Since June this year, money shortages
have occurred in Chinese banks.
News has repeatedly indicated that banks in
certain cities had stopped mortgage services.
Recently, four banks in Shenzhen announced
they would no longer provide mortgage loans.
Several state-owned banks and banks in second
and third tier cities also made the same decision.
Analysts said that money shortages
are spreading to the local banks.
On September 10, China Real Estate Business reported
that four banks in Shenzhen stopped mortgage services.
On September 9, Chongqing Economic Times
reported that several banks in Chongqing have
stopped offering mortgages to second hand
home buyers due to tightening credit limits.
On the same day, anhuinews.com claimed
that four banks in Hefei had stopped
mortgage loan from second home buyers.
State-owned banks, including Agriculture Bank,
Bank of Communications, and Industrial &
Commercial Bank, have made the same move.
It has been reported that this
phenomenon will likely continue.
Xie Tian, Professor at the University
of South Carolina Aiken Business School:
“We saw money shortages one month ago.
In fact, it is the state-owned central banks
and major banks that were short of money.
The Chinese regime had to inject several hundred
billions Yuan to temporarily solve the problem.
Now money shortages have spread
to local banks. It is indeed spreading.”
Sources said that since the money shortages
occurred, some banks began to limit mortgage loans.
They have stopped second-hand home loan services.
If the banks hadn’t stopped second-hand loan
services, it would increased their interest rates.
At the end of August, banks in Beijing cancelled
discount deals on interest rates for mortgages.
Instead, some banks increased
20% on the standard interest rate.
China’s National Business Daily has reported that many
banks have ceased mortgage services in Guangzhou.
They have run out credit.
Jie Sen, NTD special economic commentator,
said that in second and third tier cities, mortgage
loans have slowed down and have stagnated.
It is the CCP’s measures to protect the banking system.
Jie Sen: “The CCP realized its failure
of it’s measures on real estate control.
Instead, the housing bubble has grown larger.
Properties are always demanded in first-tier cities,
yet risks in second and third tier cities are increasing.
In order to protect the banking system, they need to
control credit limits, which is a method of self-protection.”
According to ftchinese.com on September 6, China’s
Central Banks injected several hundreds billion Yuan.
This was via non-public reverse repo agreements
into the banking system in June and July.
These funds are due in the near future.
Xie Tian believes that the authorities adjusting policies
didn’t completely solve the problem of money shortages.
Maybe the new leadership does not really want to
take the economic burden from the previous regime.
Thus, Li Keqiang deliberately let the money
shortage break out, to get rid of the burden.
Recently, Li Ka-shing, Asia’s richest person,
has been pulling his property out of China.
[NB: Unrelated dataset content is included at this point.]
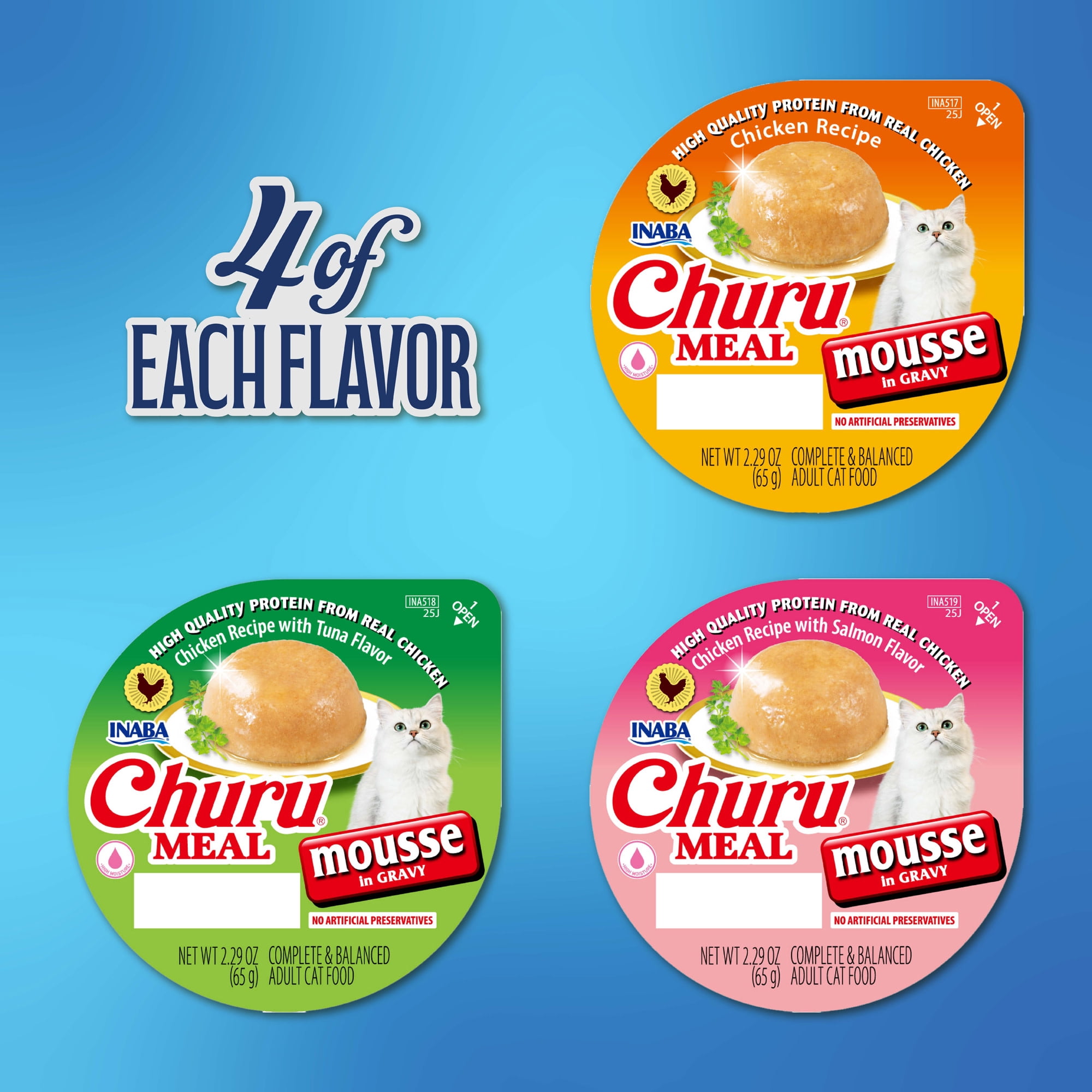 INABA Churu Meal Mousse Adult Wet Cat Food, 2.29 oz cup, 12-count, Chicken Variety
On September 3, Bank of American sold
two billion H-shares of China Construction
Bank for over HK$11.7 billion (US$1.47 billion).
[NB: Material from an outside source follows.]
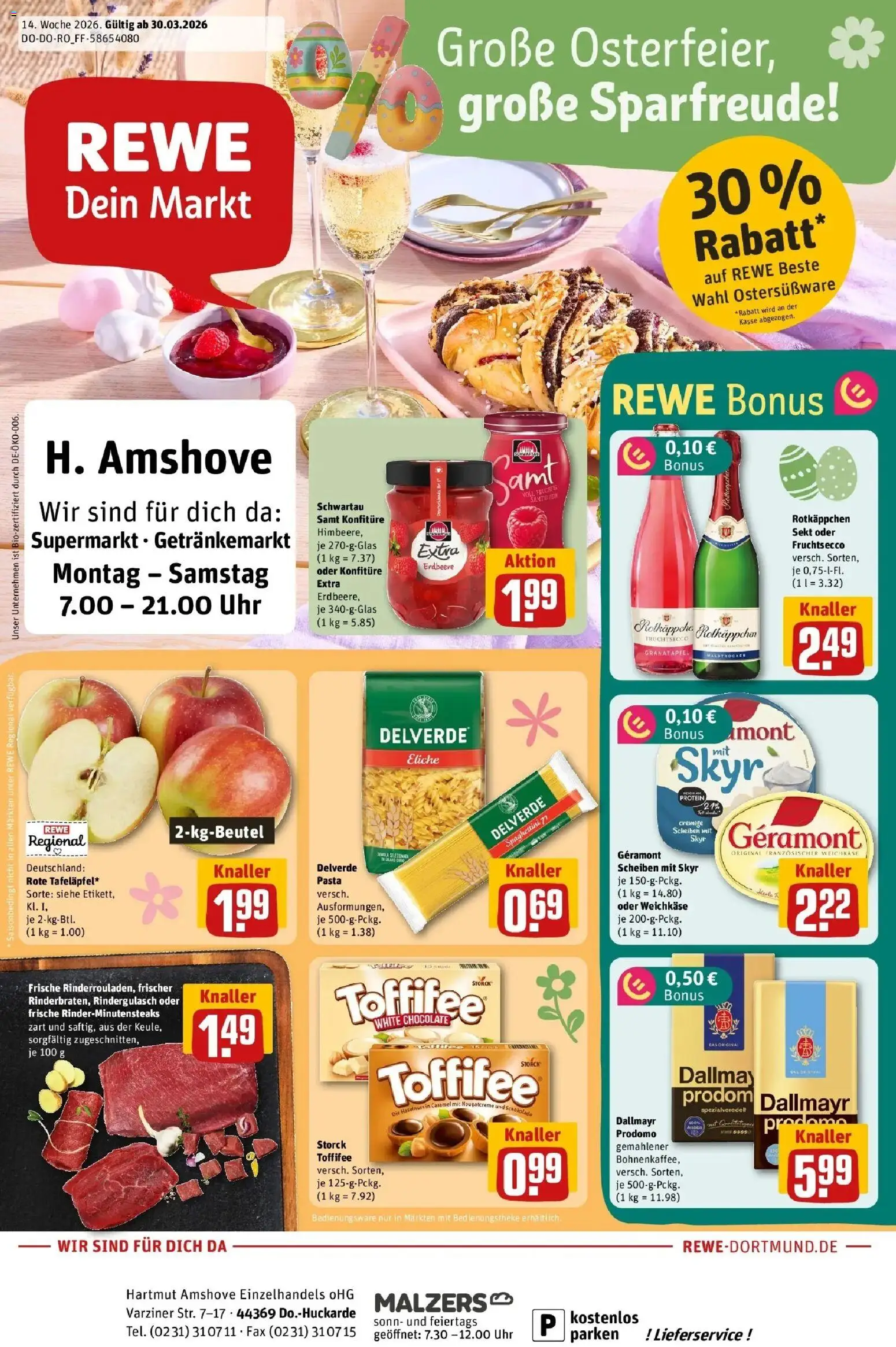 Rewe Prospekt Dortmund	 – gültig ab 30.03.2026 | Seite: 1 | Produkte: Granatapfel, Schokolade, Sekt, Dallmayr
Soon, other foreign banks sold all their shares
in China’s four major state-owned banks.
Does the foreign investors’ exit from China have
a link to the Chinese banks money shortages?
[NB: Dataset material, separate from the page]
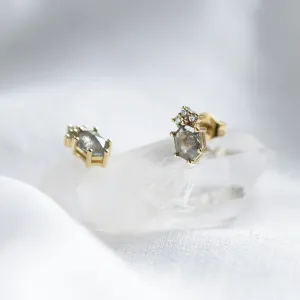 Side detail of TERRA stud earrings with salt and pepper diamonds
Xie Tian: “The two don’t have any direct links.
It is because state-owned banks
internally are tight on cash.
Foreign investors are not optimistic about China,
and in addition, the Chinese economy is declining.
Thus, it is not directly linked with money shortages,
but both certainly have influenced each other.”
Xie Tian said that foreign investors’ leaving would
undermine the CCP’s and investors’ confidence.
It could trigger housing and stock market bubbles to burst.